如何反转字节的位?
[英]How to reverse bits of a byte?
问题描述
For example, in PHP, how would I reverse the bits of the byte 11011111 to 11111011 ?
例如,在 PHP 中,如何将字节11011111的位反转为11111011 ?
10 个解决方案
解决方案1
17 2009-11-06 16:07:55
直接的方法是执行 8 个掩码、8 次旋转和 7 次加法:
$blah = $blah & 128 >> 7 + $blah & 64 >> 5 + $blah & 32 >> 3 + $blah & 16 >> 1 + $blah & 8 << 1 + $blah & 4 << 3 + $blah & 2 << 5 + $blah & 1 << 7;
解决方案2
17 2009-11-06 16:09:16
If you have already the bits in the form of a string, use strrev .如果您已经拥有字符串形式的位,请使用strrev 。

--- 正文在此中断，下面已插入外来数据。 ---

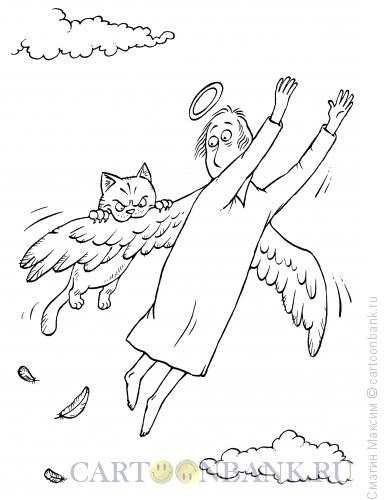 Карикатура: Крылышко ангела, Смагин Максим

If not, convert first the byte to its binary representation by using decbin , then reverse using strrev, then go back to byte (if necessary) by using bindec .如果没有,先转换成字节到它的二进制表示通过使用decbin ,然后反向使用strrev,然后回去字节(如果需要)用bindec 。
解决方案3
16 2009-11-06 16:19:02
Check the section on reversing bit sequences in Bit Twiddling Hacks .查看Bit Twiddling Hacks 中有关反转位序列的部分。 Should be easy to adapt one of the techniques into PHP.将其中一种技术应用到 PHP 中应该很容易。
While probably not practical for PHP, there's a particularly fascinating one using 3 64bit operations:虽然对于 PHP 来说可能不实用,但有一个使用 3 个 64 位操作的特别有趣的操作:
unsigned char b; // reverse this (8-bit) byte
b = (b * 0x0202020202ULL & 0x010884422010ULL) % 1023;
解决方案4
10 2009-11-06 16:07:01
The quickest way, but also the one requiring more space is a lookup, whereby each possible value of a byte (256 if you go for the whole range), is associated with its "reversed" equivalent.最快的方法,但也是需要更多空间的方法是查找,其中一个字节的每个可能值(如果您使用整个范围,则为 256),与其“反向”等效项相关联。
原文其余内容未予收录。